The Naiad Voyages

Mark Austen

2016.07.31 - The Internet, Table and Metalwork

I once heard tell that 90% of information found on the Internet is rubbish or wrong but there are gems to be found if you search long enough. I don't know much that is true today, it was more than 15 years ago that this was said. However, I found a gem the other day that I put into practise today. The video clip featured a method of making your varnish look really great starting from one that is bad. Part 1 can be found here and part 2 here. Now my work piece was epoxied not varnished and it wasn't that bad, but it was the first coat and that always gives a rough finish, so I used the technique that Master Shipwright Louis Sauzedde describes to great effect.

Talking of varnish, after more research on the Internet I'll be using 'Le Tonkinois' varnish. It has great reviews, although it needs lots of thin coats rather than fewer thicker coats that other varnish preparations require, but the main advantage for me is that it is solvent free. I'll be using it in a confined space and doing that with a solvent based varnish would not be good.

The varnish will not be applied inside the cabin until all the below deck structures are build and at that point the cabin sides and top will also be in place. Varnishing below decks is definitely not the thing to be doing with a solvent based preparation of any description!

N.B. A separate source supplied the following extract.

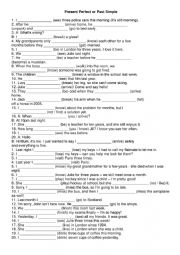 English Worksheet: Past simple vs present perfect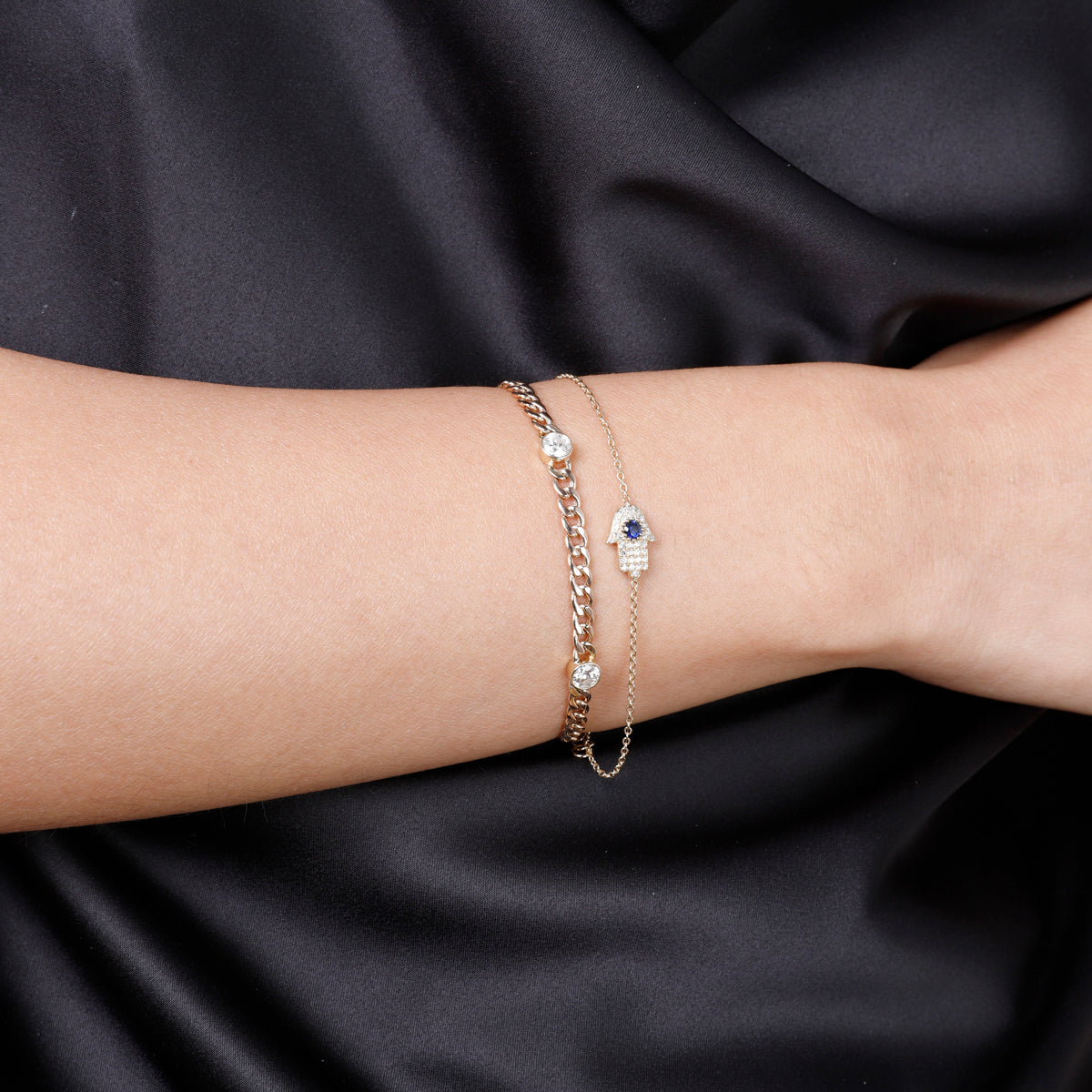 Bezel Set Diamond Chain Bracelet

The other task that I carried out today was the preparation of the centre plate. This has been painted with antifouling paint, then it seems to have been shaped to give a thinner leading and trailing edge and the bare metal coated in a black, sticky gunge. All this had to be removed, or as much as I could before it goes away to be galvanised.

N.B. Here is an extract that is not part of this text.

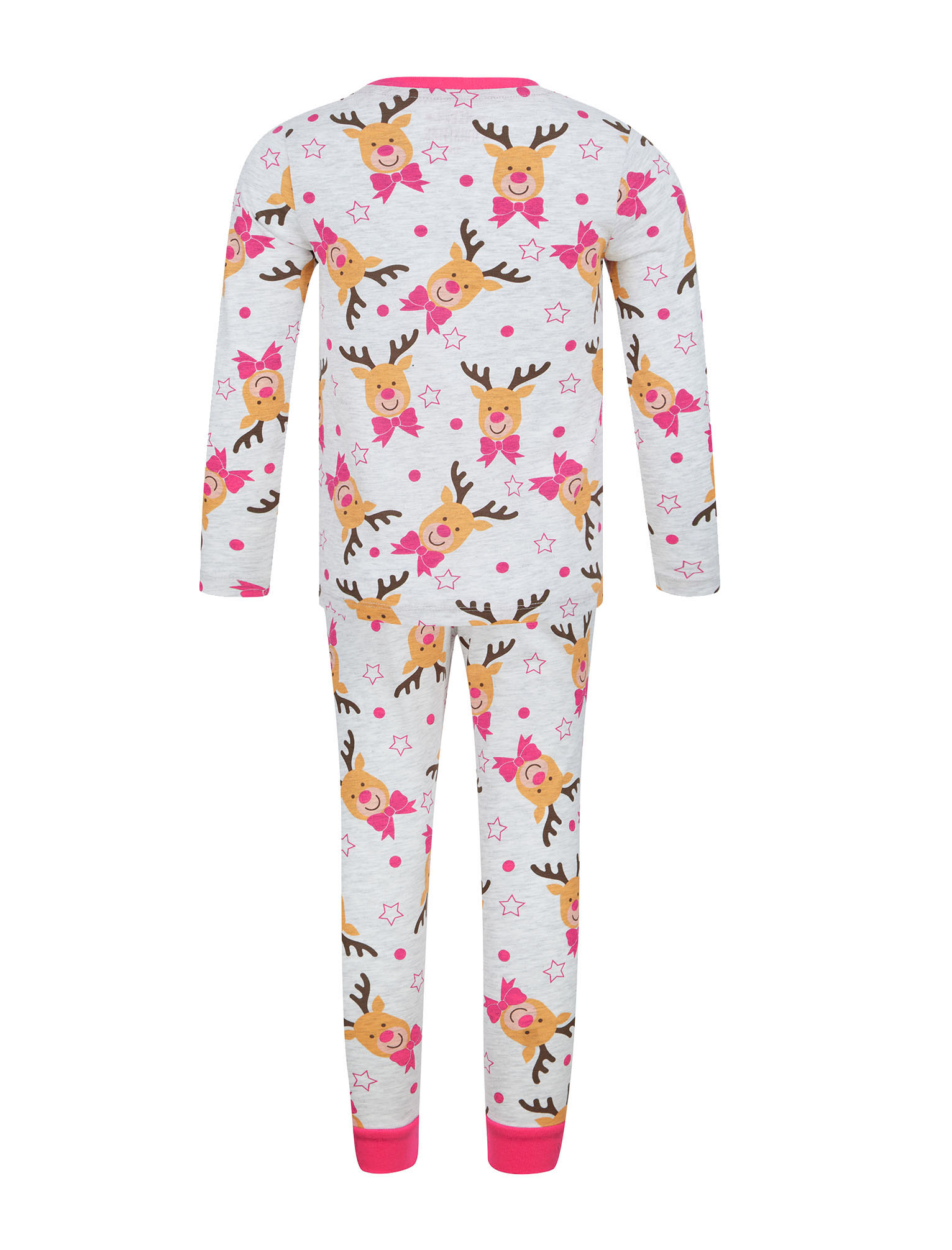 Girl's Christmas Pyjamas Xmas Rudolph Reindeer Cotton Sleepwear Set Top Bottoms - Picture 7 of 33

The table top epoxy coating after having been scraped using the utility knife blade as described in the video clips mentioned above.


A different photo with the light shining on the few remaining shiny low spots that I'll not worry about since the next coat of epoxy will also introduce high and low spots which will need to be removed before any varnish is applied.

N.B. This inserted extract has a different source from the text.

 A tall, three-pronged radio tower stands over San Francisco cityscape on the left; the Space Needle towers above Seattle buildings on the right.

Here the second coat of epoxy has been applied to the top and sides. No more will be added here, two layers is enough but the bottom will also get two coats.


The centre plate with some of the black sticky stuff removed using a heat gun and a paint scraper.


Once the gunge has been removed a sanding disk on an angle grinder is used to get as much of the remaining paint and rust removed.


Both sides were scraped and sanded and this is the result on one of the sides. Not too bad.